The first advertisement ran from April 20 to December 7, 1853.  Daguerreotypes!  The subscriber respectfully informs the public generally that he has resumed the above business with which he has long been familiarly acquainted, and designs establishing permanent Daguerrean gallery in Evansville in Foster’s buildings, corner of Main and First street, where he hopes to receive the frequent visits of ladies and gentlemen which it shall be his earnest endeavor to merit; and he expects to be permanent, he depends more upon exhibitions of his proficiency and skill than noisy humbug of words for success.

His reputation as a portrait painter is too well established in Evansville and elsewhere to need remark further than that he will be happy to accommodate any desiring his services in that branch of art.  Thos. Poindexter.

The sixth advertisement appeared on July 24, 1856.  Hall Of Evansville Lodge, No. 64, A. Y. M. July 21, 1856.  At a called meeting of Evansville Lodge…By order of the Lodge Committee A. H. Sanders. Thos. Poindexter, Osborne Reilly.

The second advertisement ran from September 21v to November 23, 1857.  At Home.  Having returned to remain but a short time, the subscriber would respectfully invite those who may desire his artistic services to make it known without delay, as he has calls abroad that should not be neglected.  A good likeness warranted, either from life or a good Daguerrean or Ambrotype picture.  Studio first floor above and entrance through the store of A. C. Pushee.  See Specimens.  Thos. Poindexter.

1957.  The New-York Historical Society’s Dictionary Of Artists in America 1564–1860, P. 509.  Poindexter, James Thomas (1832-1891).  Portrait painter.  Born June 6, 1832 in Christian County (Ky.)  H was painting portraits in Evansville, (Ind) as early as 1852.  During the Civil War he was a telegraph operator.  He died June 10, 1891…

2012 August 23.  http://www.courierpress.com/features/evansville-museum-exhibition-celebrates-19th-century-portrait-painters-work-ep-444109151-324677591.html.

A single line in the Aug. 4, 1852, issue of the Evansville Daily Journal simply announced, “Poindexter, a portrait painter has come to town.”

James Thomas Poindexter, 23, was a Hopkinsville, Ky., native with little or no formal art training, but with a desire to make his living as a professional painter.
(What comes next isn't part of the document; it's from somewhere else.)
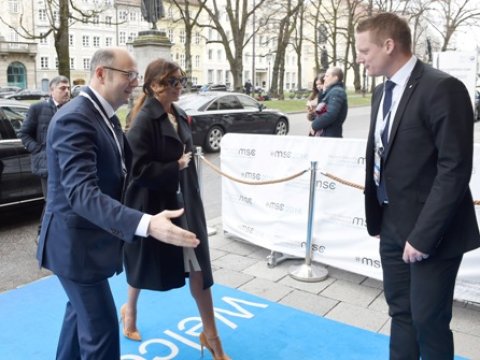 Mehriban Əliyeva Münhen Konfransındakı müzakirələrdə iştirak edib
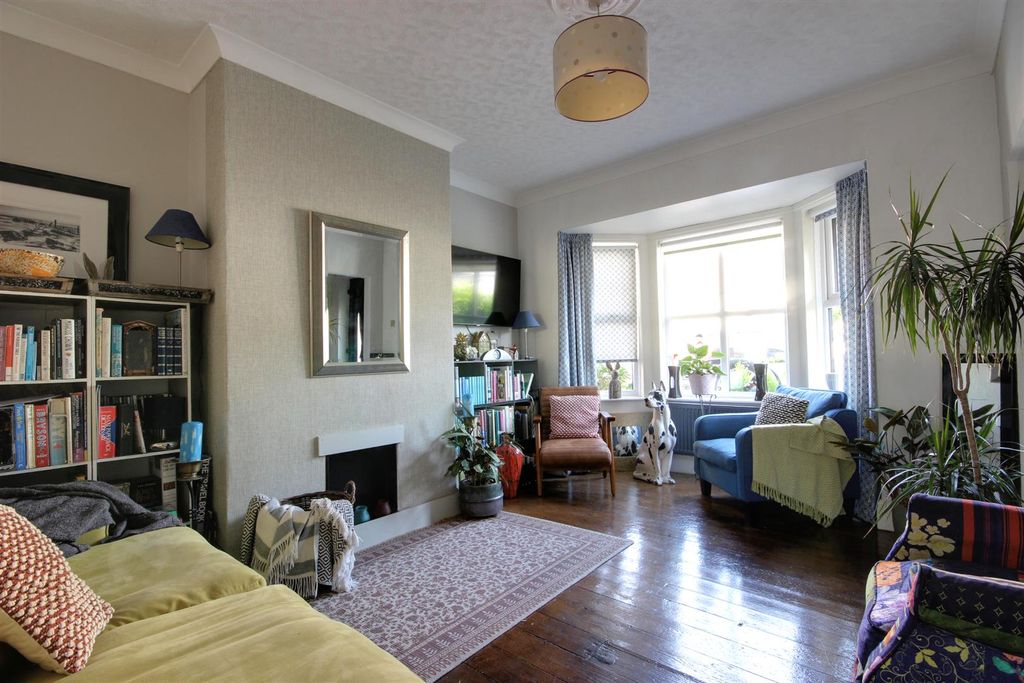 Property photo 2 of 28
He went on to become one of the most important portrait artists of the region.

His own work, which will be featured in an Evansville Museum show opening Sept. 2, reflected portraiture at the time, often done by traveling painters who moved from town to town brushing portraits and painting business signs for fees or, sometimes, food and lodging.

Poindexter married and settled in Evansville where, in addition to painting, he took up daguerreotype portrait photography.
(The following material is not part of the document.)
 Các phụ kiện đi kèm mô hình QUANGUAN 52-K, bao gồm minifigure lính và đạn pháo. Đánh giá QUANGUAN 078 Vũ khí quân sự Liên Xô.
He left during the Civil War to serve as a telegraph operator for the Army of the Confederacy, and worked painting portraits in Louisiana and Mississippi before returning to Evansville in 1871. His name appeared in city records until 1882. He died in Eddyville, Ky., nine years later.

Hanna Ganote, a New Albany, Ind., native who graduated from the University of Evansville this year, helped put together the Evansville Museum’s exhibition, which draws from the museum’s own collection of a dozen Poindexters, as well as portraits on loan from museums and libraries in Evansville and New Harmony, Ind., and in Louisville, Ky.

The show will hang through Nov. 25 in the Main Gallery, and may be seen online as a virtual exhibition on http://www.emuseum.org.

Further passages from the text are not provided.